LITTLE ROCK, Ark. (Reuters) - Little Rock, Arkansas, the scene of pivotal civil rights struggles, said farewell to Confederate Boulevard on Tuesday when its board of directors renamed the street to honor an African-American family prominent in the area since the Civil War.
By an 8-2 vote, the street name will be changed to Springer Boulevard after the Springer family, whose members have included clergy, farmers, businessmen and a family physician.
“This debate should only make us stronger and more tolerant of one another. Let’s hope we can all go forward,” said Little Rock Mayor Mark Stodola, who presided over the meeting.
The battle flag of the Confederacy and other symbols of the Civil War South re-emerged as a lightning rods for outrage after the killings of nine people at Emanuel African Methodist Episcopal church in Charleston, South Carolina, in June. The accused gunman posed with the Confederate flag in photos posted online.

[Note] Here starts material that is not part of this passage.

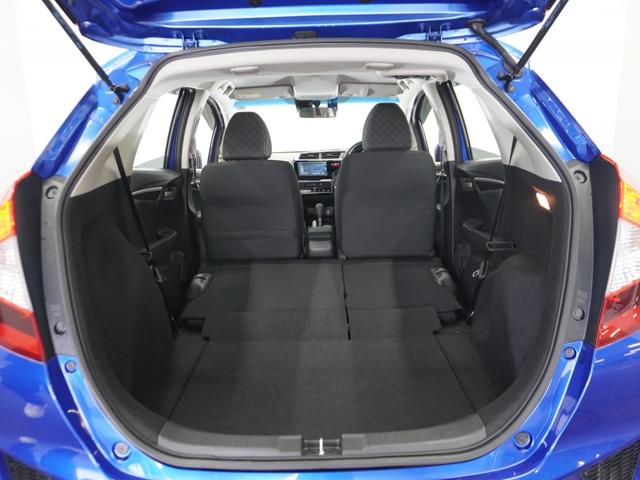 フィット 13G・Lパッケージ 1年保証 フルセグ Rカメラ LEDヘッドライト あんしんパッケージ ドライブレコーダー クルーズコントロール FLパッケージ オートリトラミラー オートライト アームレスト付センターコンソールBOX(27枚目)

Several cities and states in the South responded by reassessing streets, memorials and other tributes to their Confederate history.
In Little Rock, members of the Springer family were glad that change had finally come to the Arkansas capital’s Confederate Boulevard.
“While Confederate lives matter, we would like to stake our claim to the community just as your ancestors did when they landed at Plymouth Rock,” Gloria Springer, a great-granddaughter of the family patriarch, said at the meeting.
It is widely believed the boulevard was originally named less to honor the Confederacy than to mark it as the principal route to a long-demolished home for Southern Civil War veterans.
Much of the road had been designated as Springer Boulevard 40 years ago, but a few blocks were retained as Confederate Boulevard in a concession to Civil War history enthusiasts and to merchants who protested the cost of changing mailing addresses.
Signs identifying the street as Springer, which is near the Clinton Presidential Library and the city’s airport, were not changed, however, until 2005.
Little Rock has been a focal point of the struggle for civil rights and garnered global attention in 1957 when federal troops were sent to the city to integrate Central High School.